On a parlé dans un autre post des tabous des allemands, une vision manichéenne de la RDA en fait partie.

En RFA la résistance communiste a été occultée - en tout cas pour ce qui est du grand public - jusqu’en 1968. On était en pleine guerre froide et les universitaires de la RFA estimaient qu’on ne pouvait considérer les partisans de la dictature stalinienne comme des résistants à la dictature hitlérienne. Le premier grand livre publié après la guerre par un historien allemand sur la résistance à Hitler a été celui de Hans Rothfels, historien d’origine juive obligé de se réfugier aux USA en 1935 : The German Opposition to Hitler, Henry Regnery, Chicago, 1962. Son livre ignore purement et simplement la résistance communiste.
Un parti-pris politique - et tout a fait anti-historique - a fait que certains groupes - outre les communistes et les groupes d’extrême gauche - ont été écartés de la mémoire de la résistance au prétexte que leurs motivations ne correspondaient pas aux « valeurs » de la RFA : les déserteurs et les réseaux de renseignements parce qu’ils avaient « trahi », les Edelweisspiraten parce qu’ils étaient des délinquants, les Témoins de Jéhovah parce qu’ils étaient une secte, etc.
Tout ceci pose la question complexe (il m’a fallu un chapitre entier pour en faire le tour) de savoir quels critères définissent la résistance, étant entendu qu’elle suppose a minima une désobéissance (mais désobéir ne signifie pas forcément résister) : l’intention qu’on a ? le risque qu’on prend ? l’efficacité de l’action ?
Je vous propose un test.
Voici quelques exemples de désobéissances : refuser de saluer le bras levé, trafiquer au marché noir, déserter, écrire des graffitis antinazis, saboter des véhicules militaires, cacher des Juifs, renseigner les Alliés, distribuer des tracts antinazis, refuser d’enlever le crucifix dans sa salle de classe, écouter la BBC, refuser de pavoiser sa maison avec un drapeau nazi, refuser de donner aux quêtes de la SA, sècher la HJ, s’exiler, s’auto-mutiler pour ne pas partir au front, entretenir une liaison homosexuelle, donner à manger à un déporté, envoyer des lettres anonymes antinazies, refuser de brûler un village russe, pratiquer un avortement, etc., etc. (n’hésitez pas à en ajouter). Demandez-vous quels sont ceux que vous qualifieriez d’actes de résistance et ceux que vous auriez été capables de commettre (après avoir réfléchi aux conséquences possibles) ?
Bonne réflexion.
François.

vous allez chercher loin un truc que moi je trouve tout près…
pour moi un résistant… c’est quelqu’un qui s’est reconnu dans ce texte là .

Le chant des partisans
[b]
Ami, entends-tu le vol noir des corbeaux sur nos plaines ?
Ami, entends-tu les cris sourds du pays qu’on enchaîne ?
Ohé, partisans, ouvriers et paysans, c’est l’alarme.
Ce soir l’ennemi connaîtra le prix du sang et les larmes.

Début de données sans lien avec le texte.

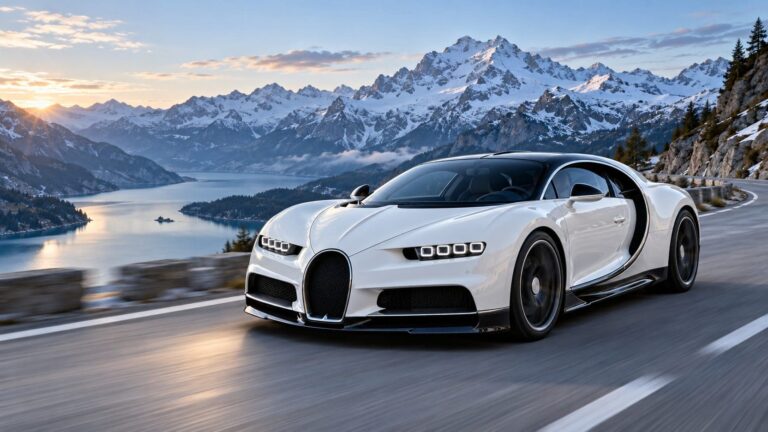 Fondos de pantalla bugatti chiron blanco alpes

Montez de la mine, descendez des collines, camarades !
Sortez de la paille les fusils, la mitraille, les grenades.
Ohé, les tueurs à la balle et au couteau, tuez vite !
Ohé, saboteur, attention à ton fardeau : dynamite…

C’est nous qui brisons les barreaux des prisons pour nos frères.
La haine à nos trousses et la faim qui nous pousse, la misère.
Il y a des pays où les gens au creux des lits font des rêves.
Ici, nous, vois-tu, nous on marche et nous on tue, nous on crève…

Ici chacun sait ce qu’il veut, ce qu’il fait quand il passe.
Ami, si tu tombes un ami sort de l’ombre à ta place.
Demain du sang noir sèchera au grand soleil sur les routes.
Chantez, compagnons, dans la nuit la Liberté nous écoute…

Ami, entends-tu ces cris sourds du pays qu’on enchaîne ?
Ami, entends-tu le vol noir des corbeaux sur nos plaines ?[/b]

après… petit acte ou grand acte… cela n’a pas d’importance…
il faut des minuscules gouttes d’eau pour faire des océans…

bonjour,

le mois dernier un allemand de 75 ans me racontait pour quelle raison son grand-père a passé 4 semaines en camp.

Par une soirée d’été, une adolescente membre des BDM rentre à la maison fière d’avoir été nommée cheffe du groupe, en guise de cadeau elle reçoit un cadre avec une photo du Führer. Le père rentre après une journée de travail, aperçoit le portrait trônant au milieu de la pièce principale, se dispute avec sa fille à propos du cadre et jette celui-ci par la fenêtre.
Dans la rue, des nazis sont témoins de la scène, relèvent l’adresse et reviennent plus tard accompagnés de la Gestapo.
C’est un notable de la ville qui a réussi a faire sortir le grand-père du camp, se portant garant de sa moralité et insistant sur le fait qu’il s’agissait d’un accident : le cadre, placé sur le rebord de la fenêtre était tombé tout seul.
L’adolescente fut « déçue » de l’attitude des troupes du Führer et devint septique quant au projet politique.
Désobéissace ? Résistance ? Dans tous les cas la sanction est tombée.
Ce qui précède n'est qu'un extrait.